The Guardian article sets out the story of April Fool's day but I like to have some kind of Celtic content in my explanations, otherwise it just doesn't do it for me. You know the kind of thing, April the 1st, the day on which all the village idiots were tolerated or thrown off a cliff. Throwing off a cliff wouldn't have been very Celtic though. The Celtic supernatural beings
were quite into deception though. Gwyn map Nud who led the wild chase around the settlements at Halloween time was quite the trickster, but on a large scale. I wonder if he might have had a return engagement in April.
I'm just not buying that this day started when the Julian Calendar was replaced by the Gregorian one and New Year's day was pushed back to January the first. Everything else fits neatly in with pre-existing practices, Christmas, Easter, the Queen's birthday, oh, right, I see their point.
I
can however see the attraction of having New Year's day on April the first. However, since this is based on the Julian calendar, what of the Celts? Well, as it happened, the Celtic year started at Samhain, around October the 31st.
Now, trying very hard as I am, to, well, basically invent, a Celtic interpretation for April Fool's day, this is what I propose.
Lughnasadh was roughly the 31st of July, and on this feast day of showing off - oh alright then, demonstrating skills - people could enter into trial marriages - see how forward thinking the Celtae were? At Beltain, celebrated around the first of May, you could end the trial marriage if it wasn't working out, so I'm thinking that by the first of April, the cards were pretty much on the table. If you didn't know by a month before the deadline that there was trouble at t'mill, then, well, you were a tad foolish.
Ok, well that one was a bit tortured, but it's the best I can come up with and at least I'm not trying to pass it off as the truth, WHICH IS WHAT PEOPLE DO ON APRIL FOOL'S DAY.
Bah humbug. There is part of me that quite likes the big, huge lies that the papers and Auntie Beeb have come up with over the years, black roses, life on Mars, Condoleeza Rice visiting Britain, oh no wait, I think that turned out to be true. I can smile wryly at those because it is playing the game, like the pantomime Dame, not the young, androgynous woman dressed as a man, but the very obvious older man dressed as a woman. Or the bit at the panto where all the kids in the audience have to shout 'Look behind you.' The papers giving us a big old wink while we join in.

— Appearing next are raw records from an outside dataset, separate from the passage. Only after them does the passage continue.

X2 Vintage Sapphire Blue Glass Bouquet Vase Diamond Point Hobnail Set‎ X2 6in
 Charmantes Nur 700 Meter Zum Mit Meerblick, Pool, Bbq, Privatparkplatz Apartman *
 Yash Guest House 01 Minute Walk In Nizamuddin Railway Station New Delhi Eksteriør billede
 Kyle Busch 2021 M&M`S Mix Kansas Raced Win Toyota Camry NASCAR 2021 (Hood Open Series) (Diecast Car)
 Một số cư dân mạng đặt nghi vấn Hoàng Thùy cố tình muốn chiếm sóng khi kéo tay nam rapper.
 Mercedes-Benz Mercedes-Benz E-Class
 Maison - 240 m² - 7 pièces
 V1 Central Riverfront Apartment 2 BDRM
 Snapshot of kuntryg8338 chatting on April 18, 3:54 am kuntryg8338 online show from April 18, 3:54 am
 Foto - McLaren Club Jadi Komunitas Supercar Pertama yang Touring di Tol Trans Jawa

When the media do that and it is obvious, it bridges the gap between them and us, it's like the whole country celebrating Christmas and Easter, all together now,
'Oh no we don't! Oh yes we do!'
What bugs me is the sly, the wretched, the bitterly deceiptful, I can't find humour in that. I don't want April Fool's day to be a day when the twisted get their turn, because, well, that's just not nice.